* Task requirements
No pictures go into the copy. Write out every line below exactly.
*** Block opens ***
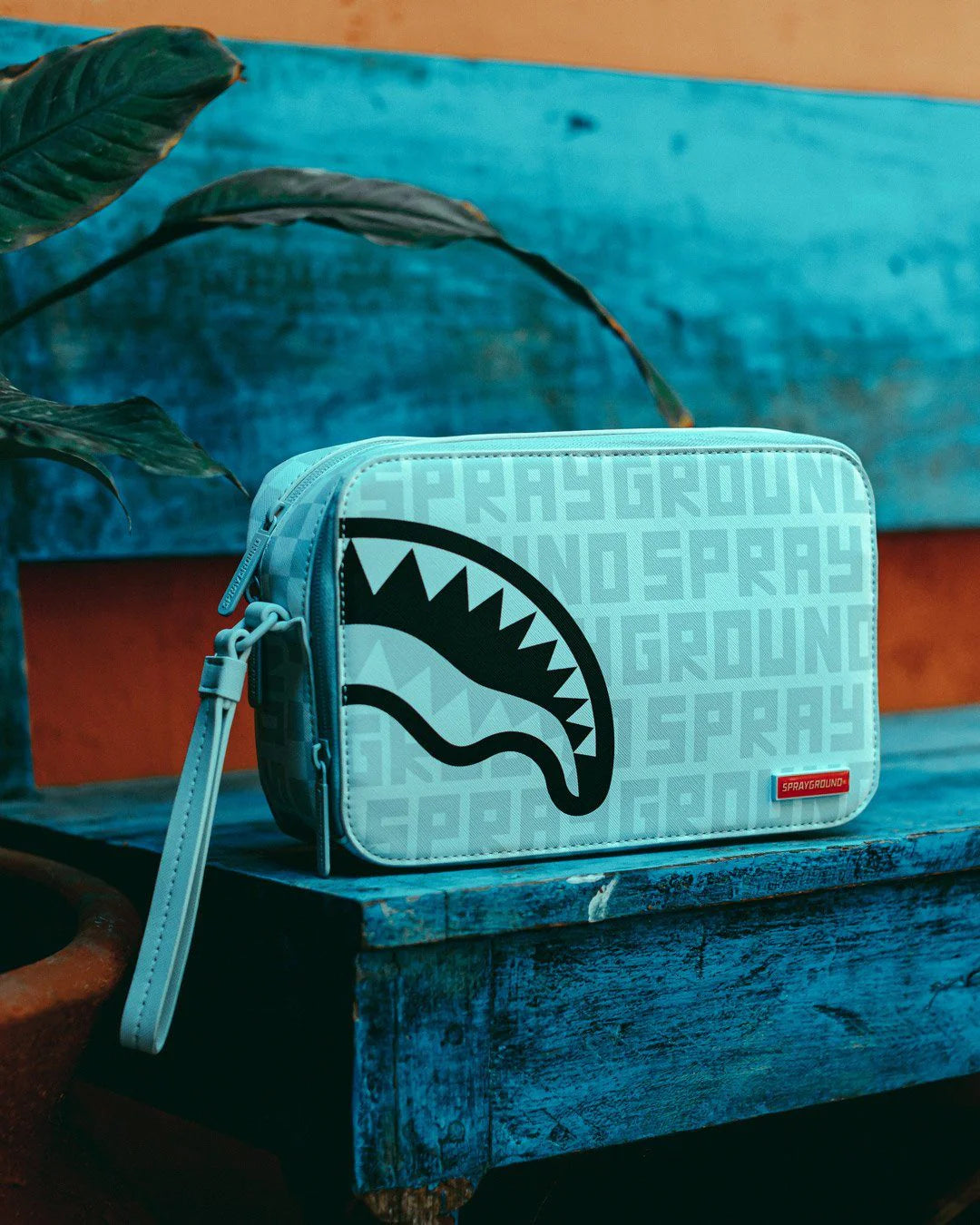 SPLIT THE CHECK (PEARL) TOILETRY BAG - Image 6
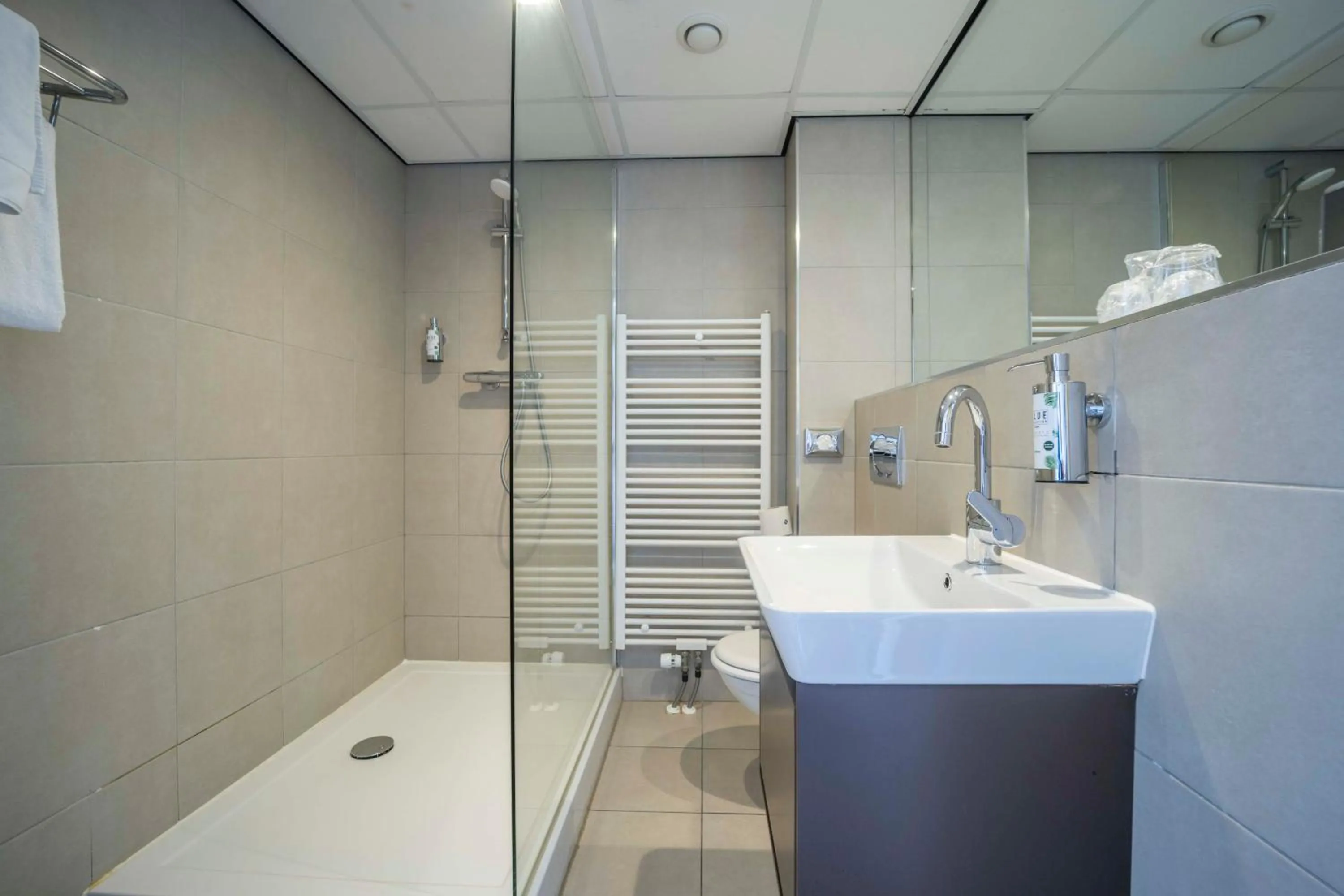 Bathroom in Fletcher Zuiderduin Beachhotel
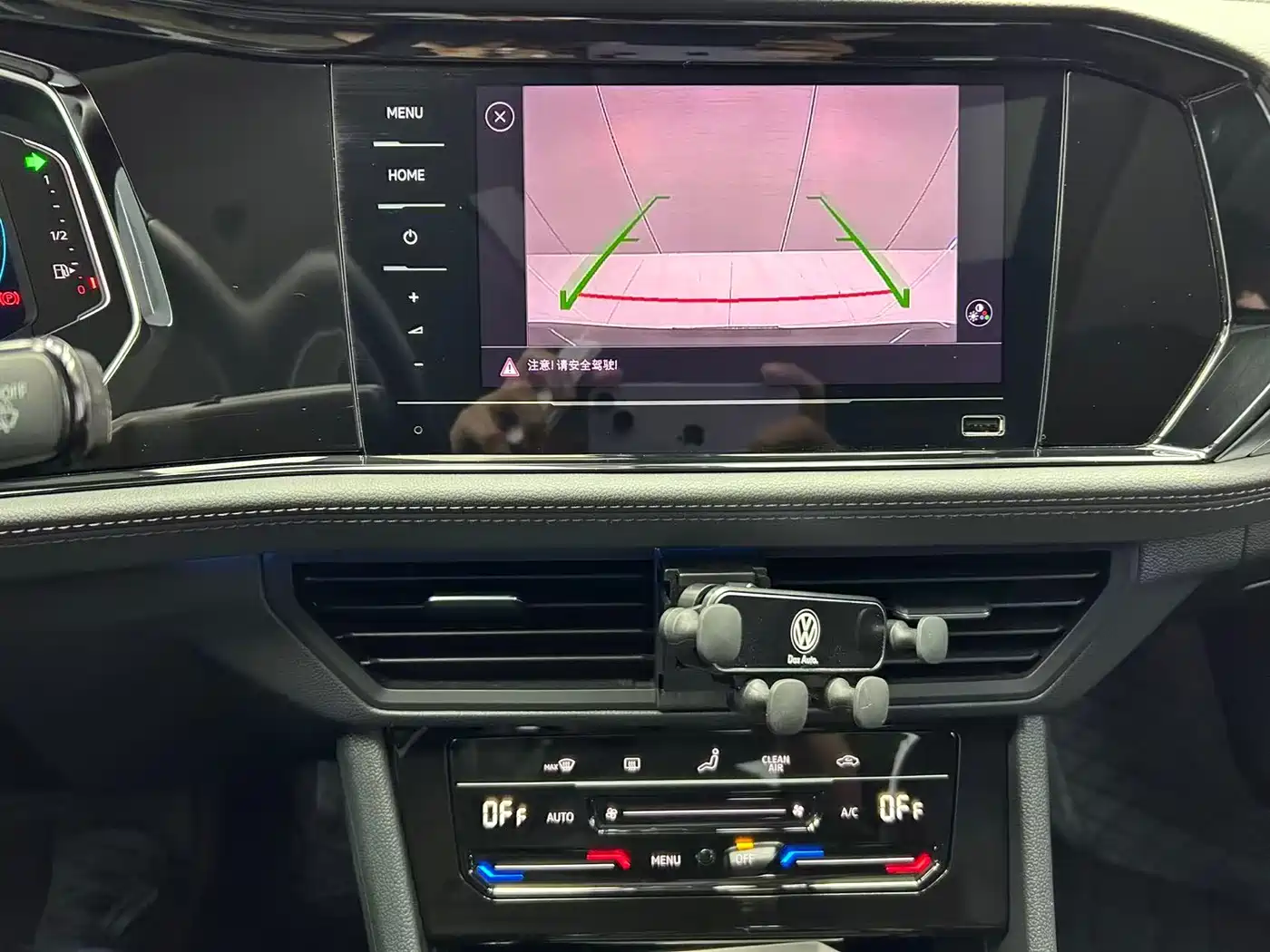 Volkswagen Sagitar 2022 280TSI DSG Surpassing Edition фото 13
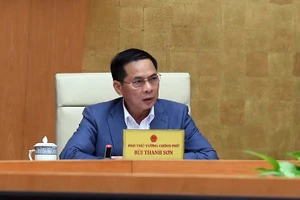 Phó Thủ tướng Bùi Thanh Sơn chủ trì phiên họp thứ nhất của Tổ công tác bảo đảm an ninh năng lượng trước diễn biến phức tạp của cuộc xung đột quân sự tại Trung Đông. (Ảnh: VGP/Hải Minh)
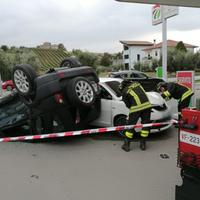 Le due auto nell'area di servizio Erg dopo un incidente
*** Block closes ***
* Written answer
 SPLIT THE CHECK (PEARL) TOILETRY BAG - Image 6
 Bathroom in Fletcher Zuiderduin Beachhotel
 Volkswagen Sagitar 2022 280TSI DSG Surpassing Edition фото 13
 Phó Thủ tướng Bùi Thanh Sơn chủ trì phiên họp thứ nhất của Tổ công tác bảo đảm an ninh năng lượng trước diễn biến phức tạp của cuộc xung đột quân sự tại Trung Đông. (Ảnh: VGP/Hải Minh)
 Le due auto nell'area di servizio Erg dopo un incidente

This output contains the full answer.